Segundo testemunhas, entre elas familiares, Amarildo foi levado por cerca de 15 policiais para o posto da UPP. Depois de prestar depoimento, foi liberado. No entanto, nunca voltou para casa nem foi visto por mais ninguém. De acordo com Alexandre Almeida, da Rede Contra a Violência do Rio de Janeiro: “A polícia pode levar alguém detido se há uma suspeita e se há algum fundamento. Eles alegavam que estavam com fotos [do Amarildo]. Na mesma semana, houve uma grande operação em que prenderam várias pessoas. A polícia ainda tinha mandados e fotos de pessoas que seriam supostamente criminosas. Com base numa foto, levaram ele”. Alexandre diz ainda que o fato não é isolado: “Não é a primeira vez que a polícia confunde trabalhadores com criminosos com base em fotos”.

Amarildo era negro, pobre e favelado. Desapareceu na favela – esse lugar que mancha a poesia do Rio de Janeiro de novela para turista ver. Logo, não repercutiu na mídia por si só. A comunidade, então, resolveu protestar para chamar atenção para o caso. Até agora, foram três protestos, tendo sido o último no dia 21, domingo. Com eles, a família conseguiu uma reunião com o secretário de segurança do estado, José Mariano Beltrame, e com a chefa de polícia, delegada Martha Rocha. É claro que a posição oficial foi de que haverá uma severa investigação, de que os fatos serão apurados e os culpados responsabilizados. É claro, da mesma forma, que essa posição é a que se espera de autoridades.

A exposição pública que o caso tem tido, no entanto, fez com que, no dia 18 de julho, o delegado Orlando Zaccone, da 15ª DP (Delegacia Policial), da Gávea, ouvisse quatro policias militares envolvidos na detenção de Amarildo. Zaccone também pediu as imagens das câmeras da região e os dados dos aparelhos de GPS das viaturas. Zaccone é o delegado que, há dois anos, virou notícia quando tirou dinheiro da própria carteira para pagar por um ovo de páscoa que uma mulher havia roubado.

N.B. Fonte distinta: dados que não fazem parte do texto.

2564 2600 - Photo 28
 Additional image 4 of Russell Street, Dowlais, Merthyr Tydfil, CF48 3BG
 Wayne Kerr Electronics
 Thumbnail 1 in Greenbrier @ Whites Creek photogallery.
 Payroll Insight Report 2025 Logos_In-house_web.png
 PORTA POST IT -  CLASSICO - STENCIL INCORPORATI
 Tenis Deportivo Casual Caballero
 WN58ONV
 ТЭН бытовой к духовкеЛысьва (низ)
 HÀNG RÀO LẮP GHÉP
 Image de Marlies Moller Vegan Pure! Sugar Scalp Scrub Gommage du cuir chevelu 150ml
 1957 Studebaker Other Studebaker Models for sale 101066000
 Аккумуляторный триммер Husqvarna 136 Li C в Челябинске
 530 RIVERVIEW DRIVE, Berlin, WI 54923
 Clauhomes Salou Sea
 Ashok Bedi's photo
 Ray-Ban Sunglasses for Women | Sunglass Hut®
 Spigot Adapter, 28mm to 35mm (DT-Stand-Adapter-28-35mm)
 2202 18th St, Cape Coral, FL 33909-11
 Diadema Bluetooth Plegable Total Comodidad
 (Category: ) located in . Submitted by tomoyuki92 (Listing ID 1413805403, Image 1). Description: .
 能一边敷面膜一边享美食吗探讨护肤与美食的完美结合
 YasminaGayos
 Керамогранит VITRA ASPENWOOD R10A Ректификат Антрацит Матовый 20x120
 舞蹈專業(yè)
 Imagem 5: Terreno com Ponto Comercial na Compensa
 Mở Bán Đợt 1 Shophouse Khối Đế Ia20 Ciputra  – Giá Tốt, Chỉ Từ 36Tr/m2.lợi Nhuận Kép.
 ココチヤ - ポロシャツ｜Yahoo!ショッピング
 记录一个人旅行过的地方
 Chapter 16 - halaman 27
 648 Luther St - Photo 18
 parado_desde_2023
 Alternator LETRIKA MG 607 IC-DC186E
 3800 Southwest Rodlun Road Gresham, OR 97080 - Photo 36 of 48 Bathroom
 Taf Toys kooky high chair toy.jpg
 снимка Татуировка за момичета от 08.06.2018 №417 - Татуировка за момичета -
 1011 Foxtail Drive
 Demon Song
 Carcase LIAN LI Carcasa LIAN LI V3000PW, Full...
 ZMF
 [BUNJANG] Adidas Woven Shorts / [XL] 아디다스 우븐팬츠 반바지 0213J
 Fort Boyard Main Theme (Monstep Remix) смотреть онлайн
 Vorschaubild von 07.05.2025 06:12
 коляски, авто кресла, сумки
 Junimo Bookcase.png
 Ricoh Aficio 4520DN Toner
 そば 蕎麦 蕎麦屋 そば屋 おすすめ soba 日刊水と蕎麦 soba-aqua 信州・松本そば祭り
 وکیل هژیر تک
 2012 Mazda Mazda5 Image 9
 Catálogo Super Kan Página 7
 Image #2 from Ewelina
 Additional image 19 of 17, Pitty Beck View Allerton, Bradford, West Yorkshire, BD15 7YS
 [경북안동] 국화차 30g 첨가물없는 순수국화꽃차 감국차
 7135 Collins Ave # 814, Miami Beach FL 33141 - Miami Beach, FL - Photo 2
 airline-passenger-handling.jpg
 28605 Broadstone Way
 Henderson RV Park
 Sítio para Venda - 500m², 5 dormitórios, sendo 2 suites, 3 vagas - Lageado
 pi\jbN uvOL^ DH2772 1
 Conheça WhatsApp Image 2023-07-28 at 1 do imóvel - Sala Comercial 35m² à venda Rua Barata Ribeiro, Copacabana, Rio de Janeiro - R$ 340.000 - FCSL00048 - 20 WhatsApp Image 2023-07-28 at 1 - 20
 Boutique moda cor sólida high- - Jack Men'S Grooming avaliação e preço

Ainda na mesma semana, no dia 20, os quatro policiais foram afastados das ruas e encaminhados para serviços administrativos na CPP (Coordenadoria da Polícia Pacificadora). Não se sabe por que só quatro policias foram considerados envolvidos na operação quando as testemunhas dizem que havia cerca de quinze. Alexandre Almeida diz que “infelizmente é isso que acontece. Tem os que ficam próximos da viatura. Só que, normalmente, a tática é sempre afastar quem imediatamente atuou na operação”.

Indignados com a morosidade das autoridades em resolver o caso, um grupo de 40 pessoas saiu em mutirão no mesmo dia 20 para procurar por Amarildo – vivo ou morto. Para a sobrinha, Elaine Dias, as parcas atenção pública e investigação se dão porque Amarildo “não mora numa boa localidade. Então, para eles, é traficante. Acabou”.  Ontem, segunda-feira, houve outro mutirão, mas Amarildo não foi encontrado. A família já perdeu as esperanças de encontrá-lo vivo. Tudo o que querem agora é poder ter o corpo de Amarildo de volta.

Não há novidades sobre o paradeiro de Amarildo. O seu caso é frequentemente divulgado em redes sociais e a pressão para esclarecê-lo tem aumentado por todo o Brasil. Sabemos, pela dedilhar do dia-a-dia, que as providências prometidas pelas autoridades não vão necessariamente se tornar realidade. Isso, no entanto, pouco tem a ver com o descrédito às instituições do país em si. Tem muito mais a ver com a mentalidade que cerca o desaparecimento de um negro, pobre e favelado. São dois cenários que, infelizmente, já não nos assustam mais: a polícia que aterroriza e o favelado (suposto criminoso) que desaparece.

Enquanto isso, lemos no G1 Rio de anteontem, dia 22, sobre os protestos que a comunidade organizou, que “a Autoestrada Lagoa-Barra foi fechada duas vezes, complicando o trânsito nas Zonas Sul e Oeste da cidade”. O pedreiro sumiu e a família já está certa de sua morte. Morreu mais um favelado e ainda “morreu na contramão atrapalhando o tráfego”.